For Rank on the other hand there is the question of whether it’s overpaid for an asset that would have had relatively limited appeal to its peer group, and if it can effectively manage what appears to be a substantial integration task over the next couple of years. A platform migration, not long after it has completed its move to Bede, and the shift from a single brand strategy to the mother of all multi-brand are no small tasks to accomplish. And the question is what does it gain from all these labours? A larger share of a market that has more than its fair share of issues.

The first and most obvious is the lack of meaningful growth for some years now. Is it a sector that can ever recapture its earlier momentum? 888 reported bingo revenues as flat year-on-year in its recent trading update that saw a 13% increase in casino revenues, albeit a 28% decline in poker revenues. The operator remains committed to the bingo sector having spent £18m acquiring the underperforming Costa Bingo brand from its rival Jackpotjoy in February.
Costa and its sister brands were operating on 888’s Dragonfish bingo network and at the time 888 said the deal would “support and further strengthen the Group’s position in the UK online bingo market”. A market that is harder than ever to define. Bingo is a confusing market to the casual industry observer. The Gambling Commission data shows it as a £177.6m revenue market in its latest results, or a single digit percentage of the wider online gaming market, but that’s far from the whole story.

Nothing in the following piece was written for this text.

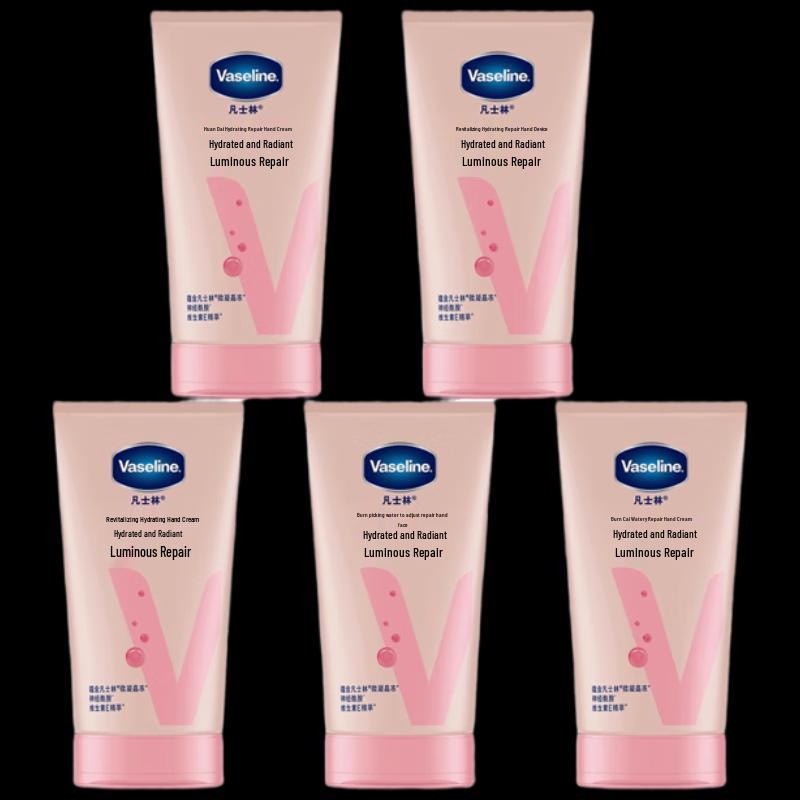 Vaseline Hydrating Hand Cream Set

Bingo as per the Gambling Commission numbers is just about the revenues from the core game, but for operators it is mostly about slots and side-game play with this representing as much as 80% of “bingo” revenue at some operators. Jackpotjoy, which is one of the few operators still committed to the so-called bingo-led model, implies this market is actually closer to £800m in annual revenue. There are nonetheless though relatively few players competing for a slice of this fairly large pie.
What next for Bingo?
Several of the tier 1 operators have continued to pour resource into bingo, not least Playtech with its Sun Bingo operations, and we’ve seen a real attempt at differentiation after years of commoditised offerings on one of two networks. GVC’s Gala brand, Rank’s Mecca, Tombola, 888 and Playtech’s Sun Bingo are the main contenders, but none are exactly flying at this point. There are signs of life, however, and GVC reported growth in its Gala brands in its latest update and none of the big players are giving up on a sector that still retains some strong advantages not least in the core UK market. How long those survive on the other hand remains to be seen.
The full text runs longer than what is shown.